Author : Chan Mun Fai
cmf provides the Ratio of Counts(ROC) function and the Differential Correct Attribution Probability(DCAP).
These functions along with other metrics, are used to construct a systematic and comprehensive framework in evaluating the quality of synthetic datasets and different synthesis methods.
For more details and usage examples on the other metrics, please refer to Comparative Metrics Framework in R to evaluate the performance of Synthetic Data.
All documentation can be found in the code itself.
The current development version can be installed from source using devtools.
devtools::install_github("ChanMunFai/cmf")
The following script demonstrates how to use the functions in cmf. We will use the package synthpop to generate synthetic data using the mtcars dataset.
library(cmf)
library(synthpop)
df <- mtcars
key_var <- c("cyl", "gear")
target_var <- c("wt", "carb")
syn1 <- syn(df, seed = 1234)
synthpop_df <- syn1$syn
view(synthpop_df)
CAP_original(df, key_var, target_var)
CAP_baseline(df, target_var)
CAP_synthetic(df, synthpop_df, key_var, target_var)
ROC_list(df, synthpop_df)
ROC_indiv(df, synthpop_df, "disp")
ROC_score(df, synthpop_df)
ROC_numeric(df, synthpop_df, "disp", y=2)
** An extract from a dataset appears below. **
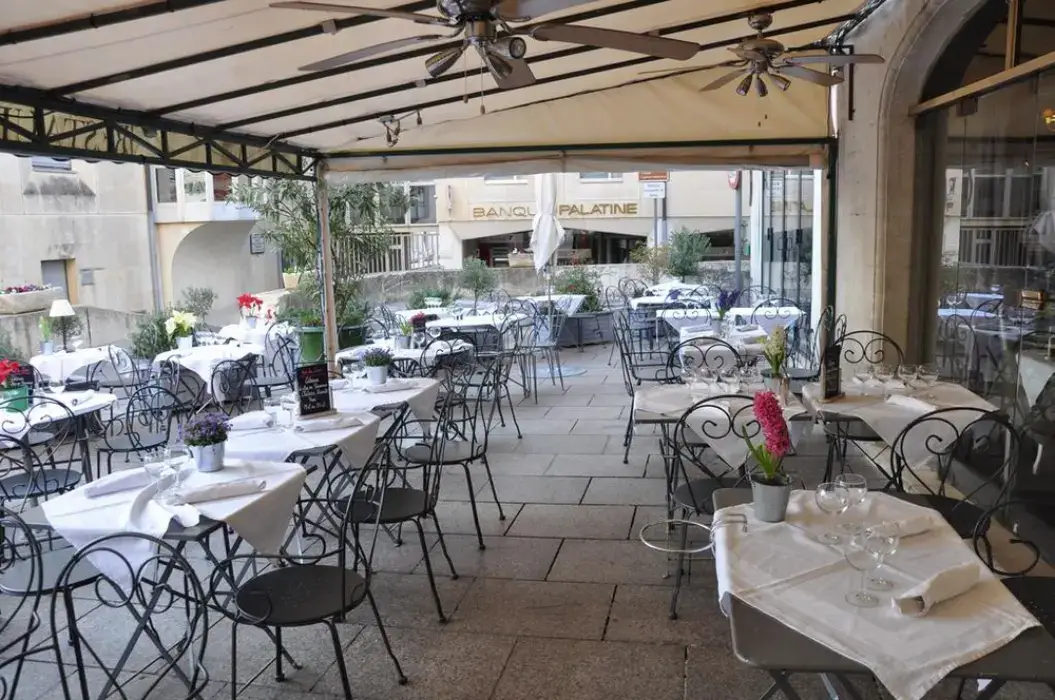 Hôtel du Palais des Papes - Restaurant le Lutrin 3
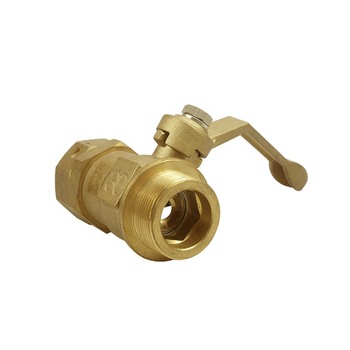 China manufacture high quality forging ball valve with brass handle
Taub, J., Elliot, M., Pampaka, M., & Smith, D. (2018). Differential Correct Attribution Probability for Synthetic Data: An Exploration. Privacy in Statistical Databases Lecture Notes in Computer Science, 122-137. doi:10.1007/978-3-319-99771-1_9
Taub, J., Elliot, M., & Raab, G. (2019). Creating the Best Risk-Utility Profile : The Synthetic Data Challenge.